An exact copy is required of every line from the one with "Lovely Piggy Bank" through the end of the data below, and the pictures must stay out of it.
---------- GIVEN DATA
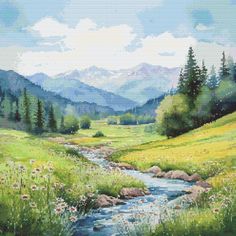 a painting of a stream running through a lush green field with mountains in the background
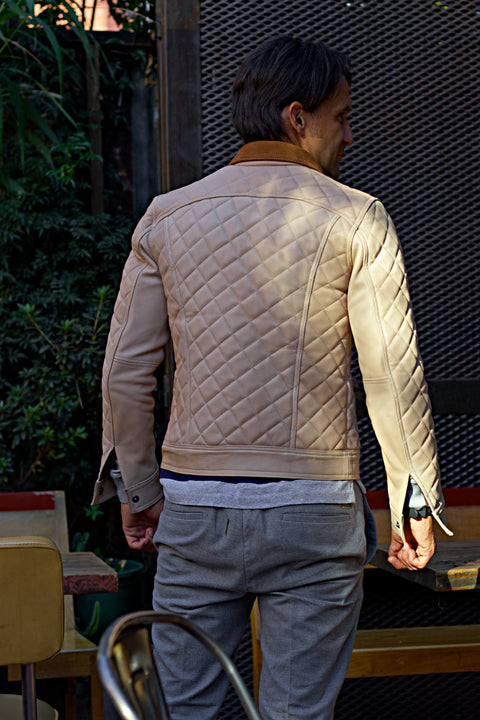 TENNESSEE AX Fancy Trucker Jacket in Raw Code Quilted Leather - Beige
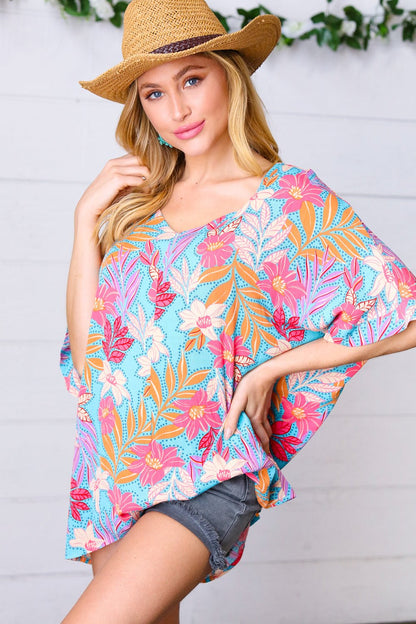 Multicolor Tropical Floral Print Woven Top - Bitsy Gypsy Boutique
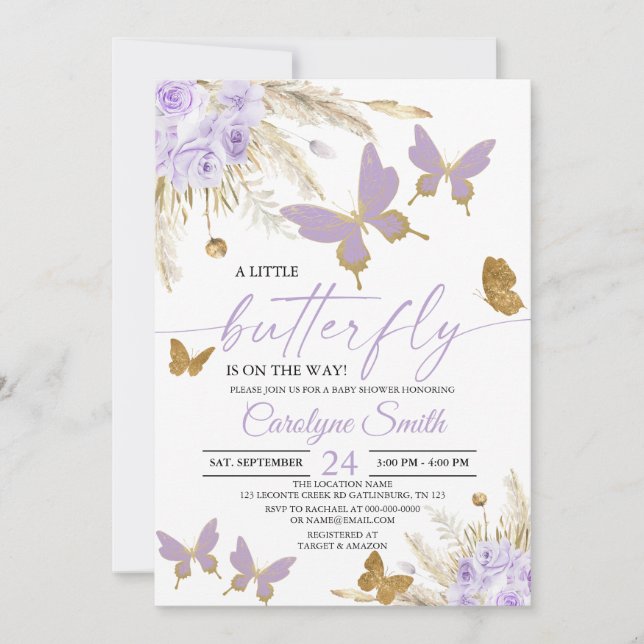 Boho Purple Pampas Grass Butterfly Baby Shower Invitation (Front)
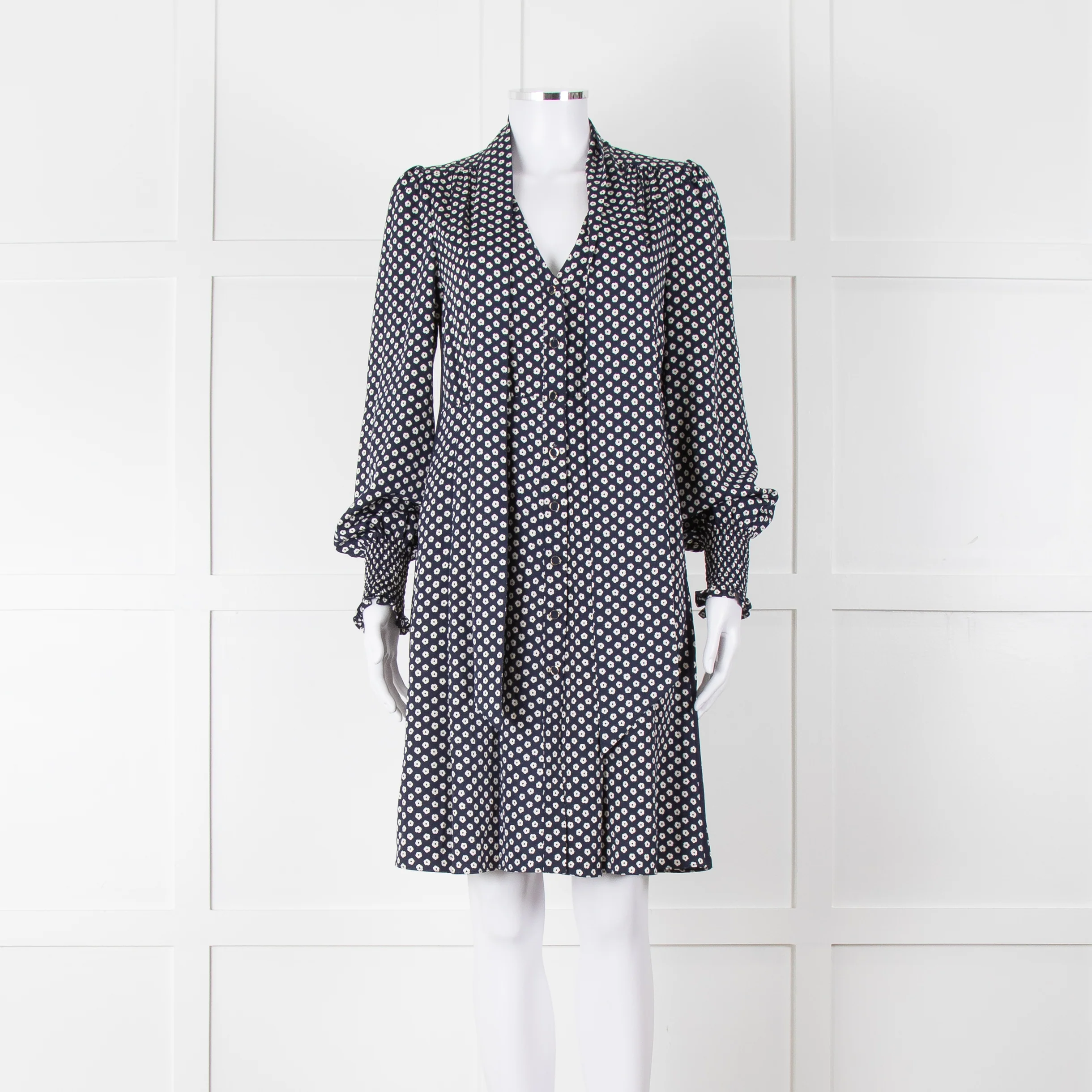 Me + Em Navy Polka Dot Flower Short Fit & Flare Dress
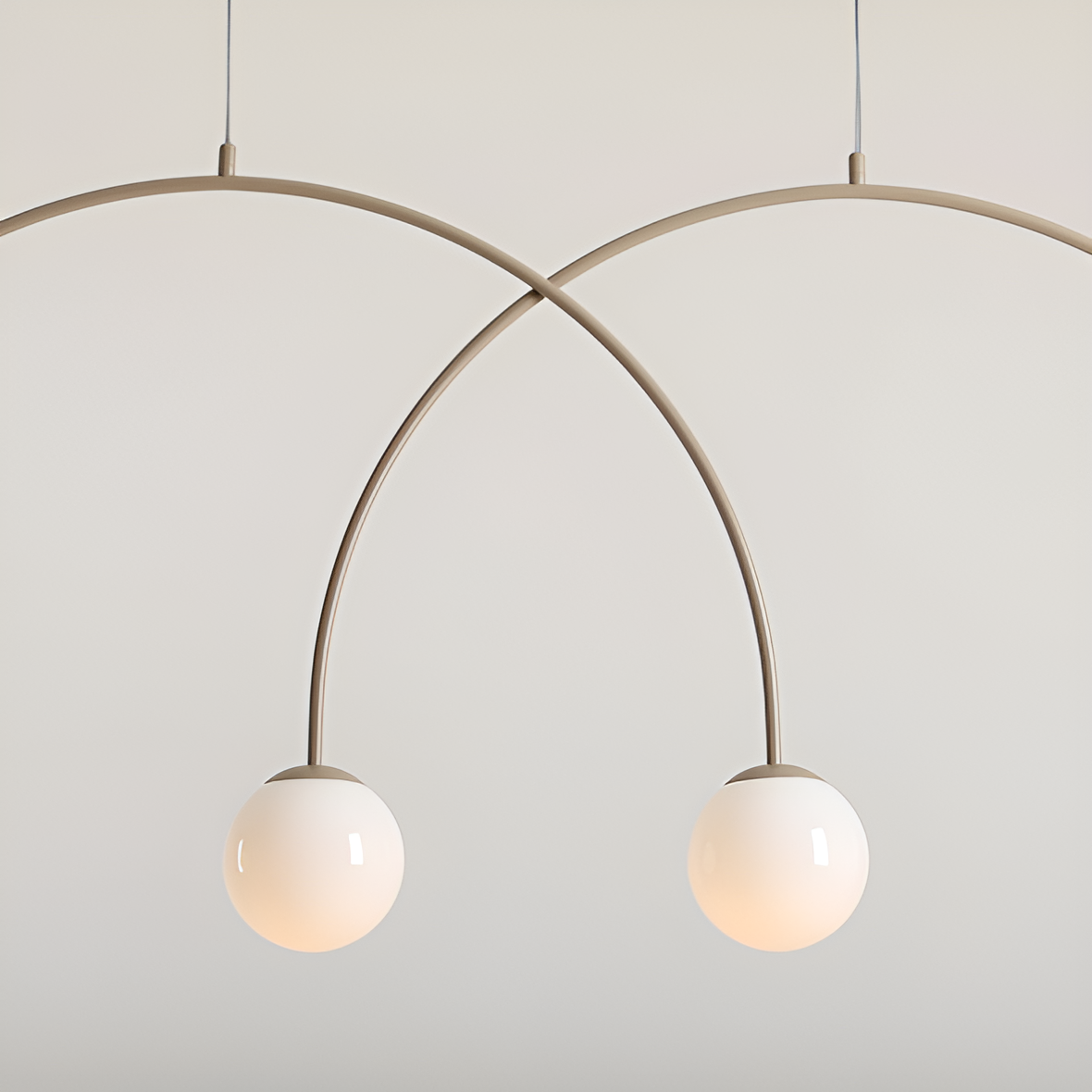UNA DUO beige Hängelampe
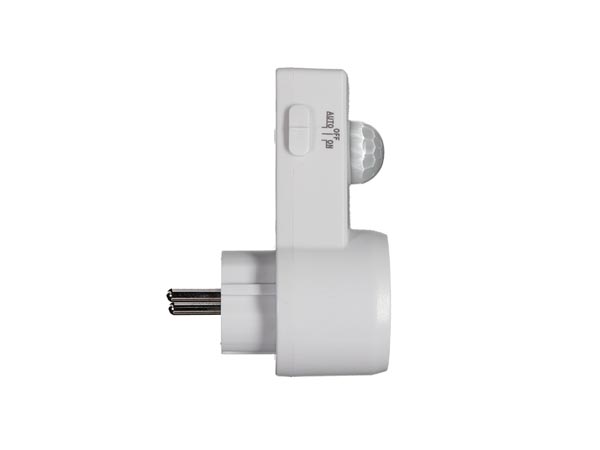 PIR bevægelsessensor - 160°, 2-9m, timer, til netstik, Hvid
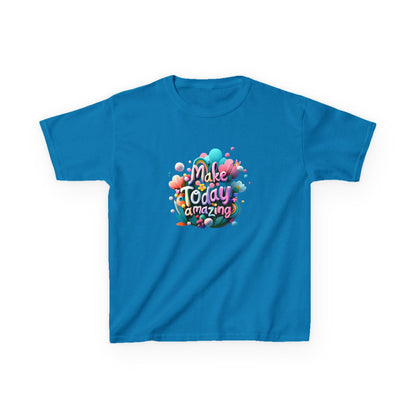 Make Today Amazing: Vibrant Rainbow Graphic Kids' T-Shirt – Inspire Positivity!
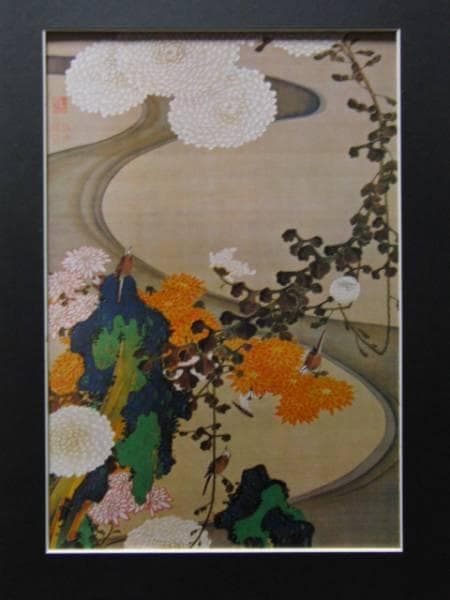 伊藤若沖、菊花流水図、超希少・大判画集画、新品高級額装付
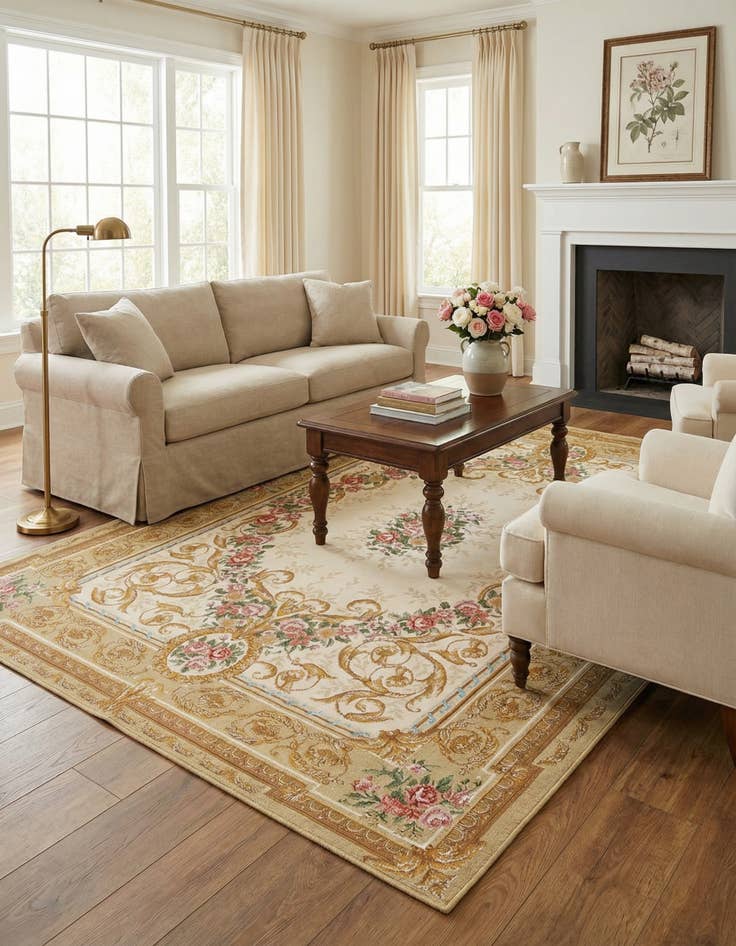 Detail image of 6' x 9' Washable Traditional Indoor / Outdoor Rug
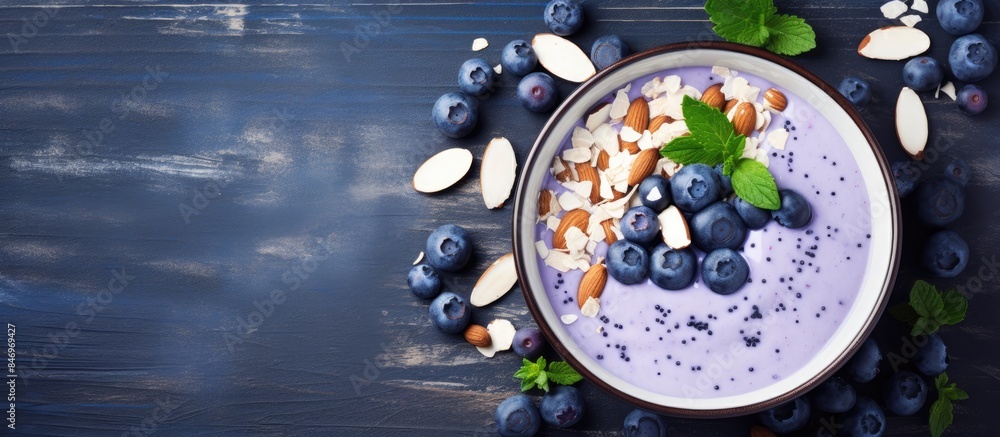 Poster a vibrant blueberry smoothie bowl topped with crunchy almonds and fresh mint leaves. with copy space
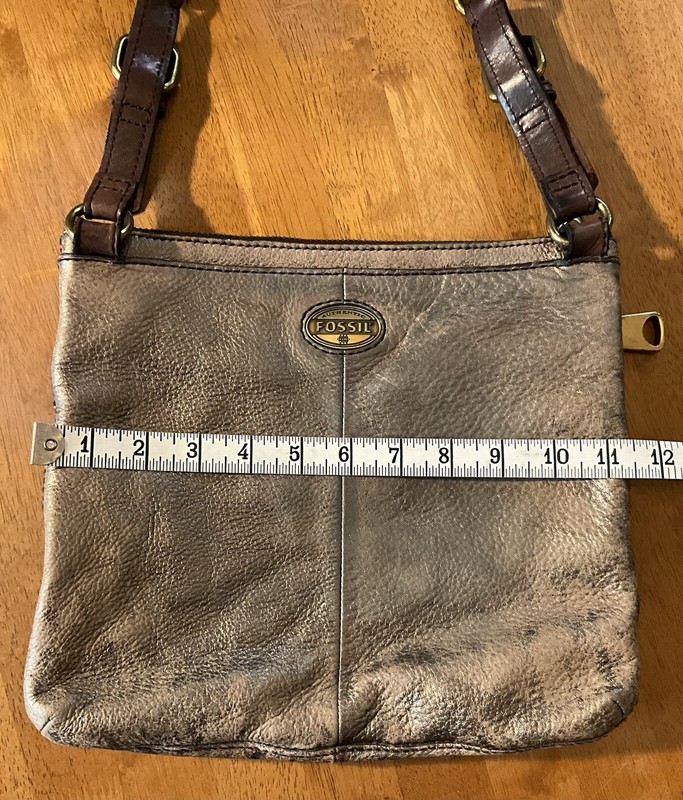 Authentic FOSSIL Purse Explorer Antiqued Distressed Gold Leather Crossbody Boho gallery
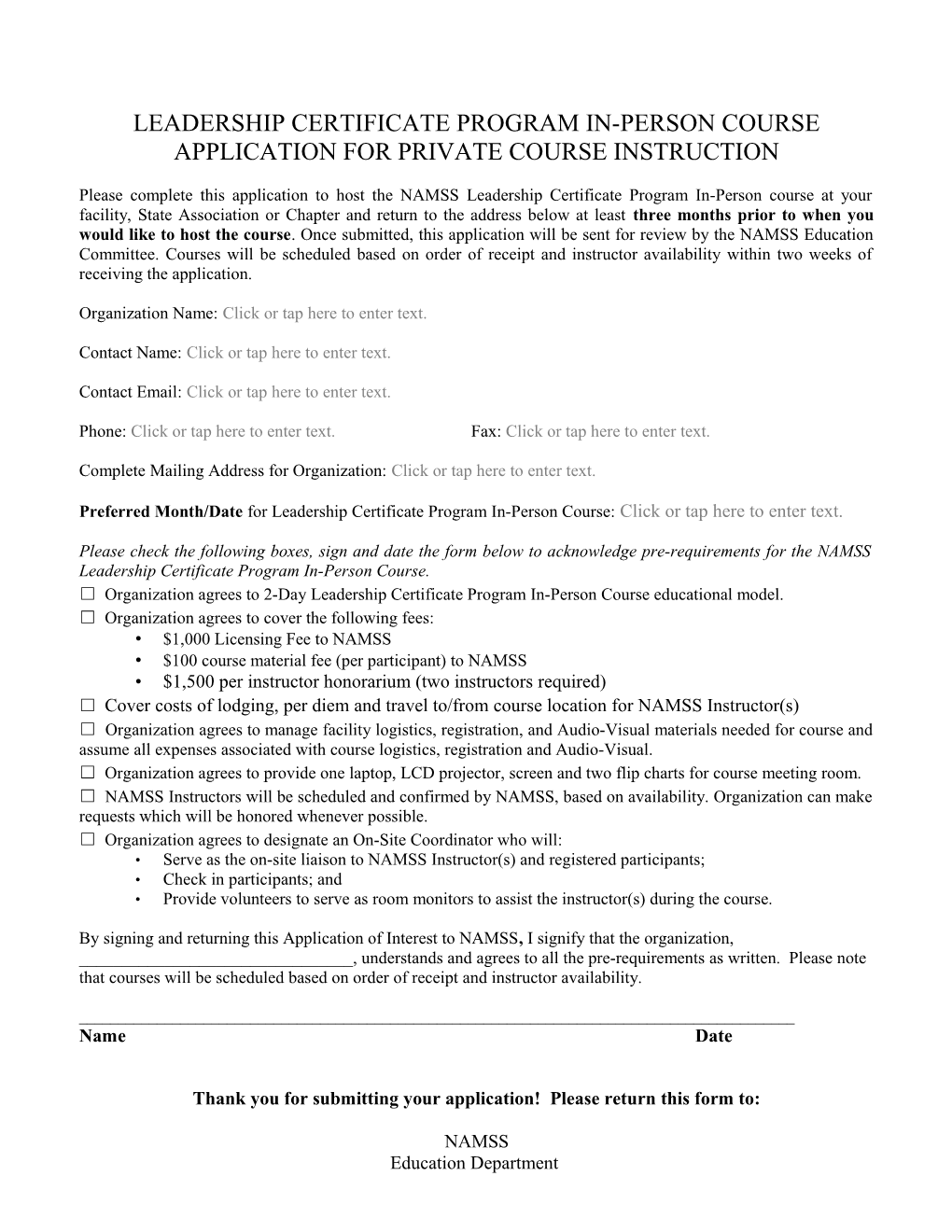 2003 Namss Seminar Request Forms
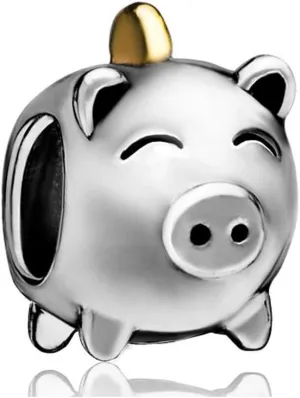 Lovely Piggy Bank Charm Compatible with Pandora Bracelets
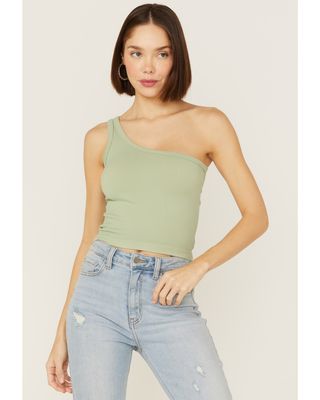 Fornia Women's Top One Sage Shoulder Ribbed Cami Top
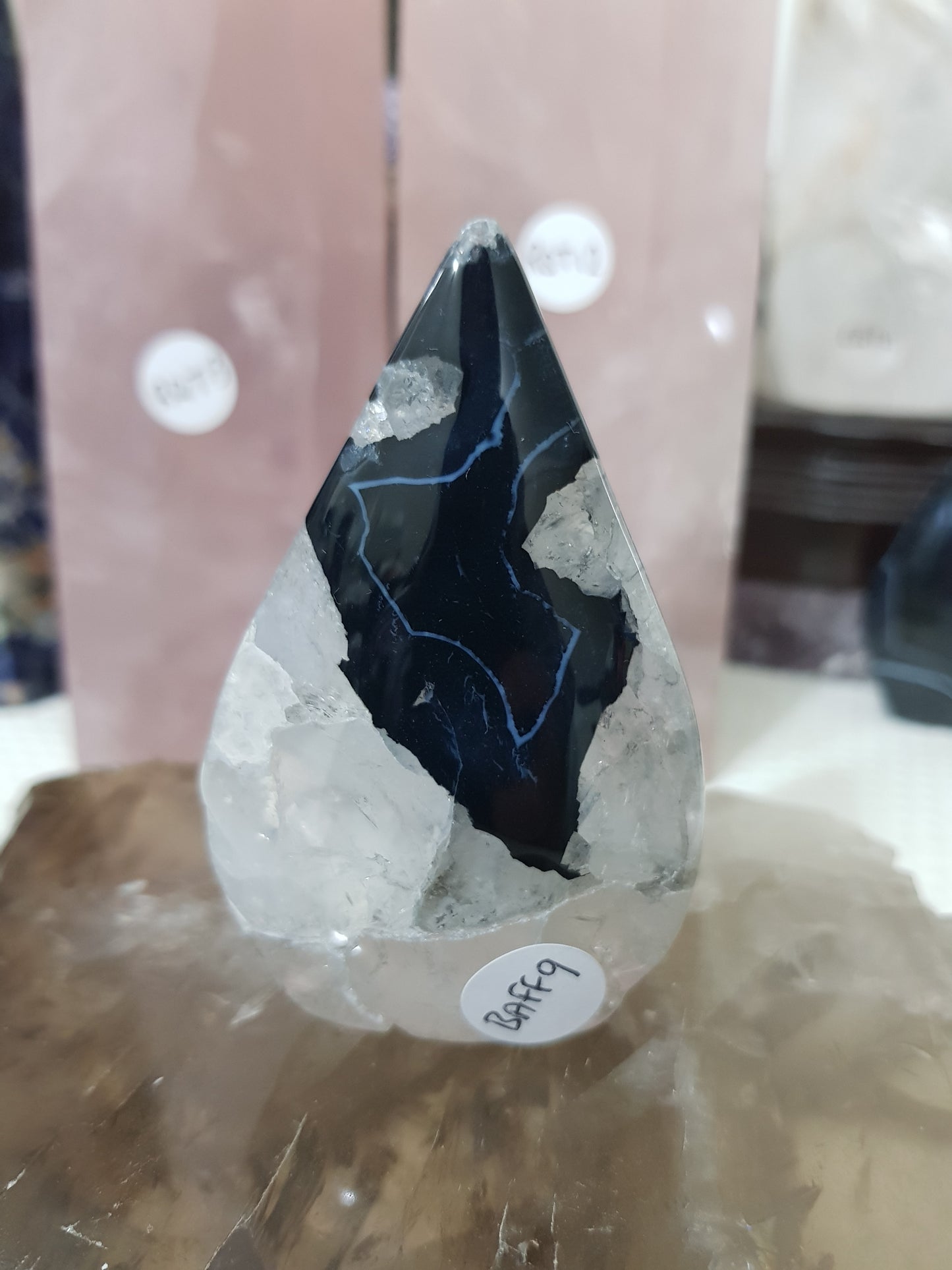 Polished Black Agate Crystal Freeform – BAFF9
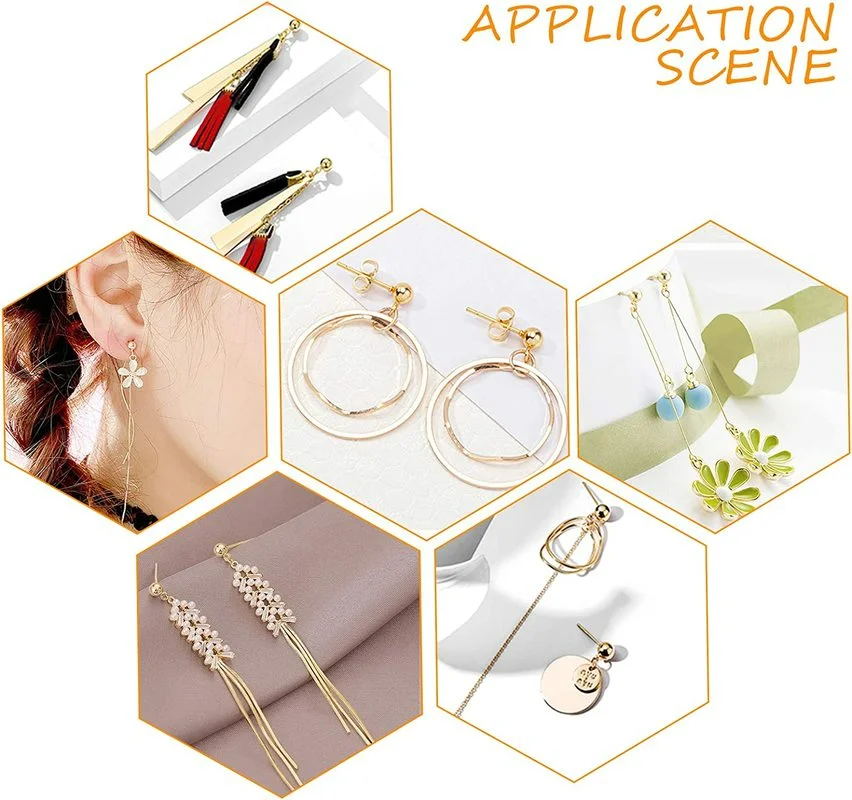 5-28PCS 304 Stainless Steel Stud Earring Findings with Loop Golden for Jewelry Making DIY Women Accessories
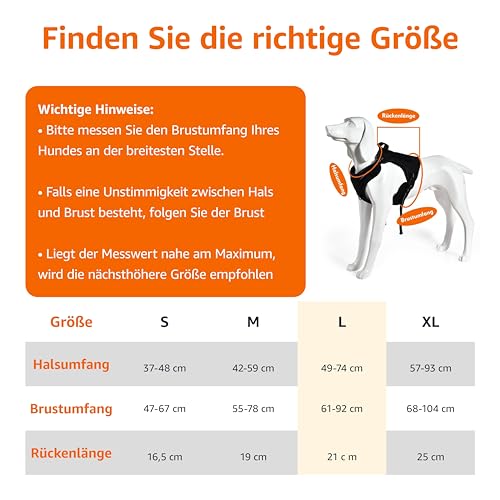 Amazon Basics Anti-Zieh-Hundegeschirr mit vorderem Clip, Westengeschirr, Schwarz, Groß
--------------------
◆ ANSWER BOX:
 Lovely Piggy Bank Charm Compatible with Pandora Bracelets
 Fornia Women's Top One Sage Shoulder Ribbed Cami Top
 Polished Black Agate Crystal Freeform – BAFF9
 5-28PCS 304 Stainless Steel Stud Earring Findings with Loop Golden for Jewelry Making DIY Women Accessories
 Amazon Basics Anti-Zieh-Hundegeschirr mit vorderem Clip, Westengeschirr, Schwarz, Groß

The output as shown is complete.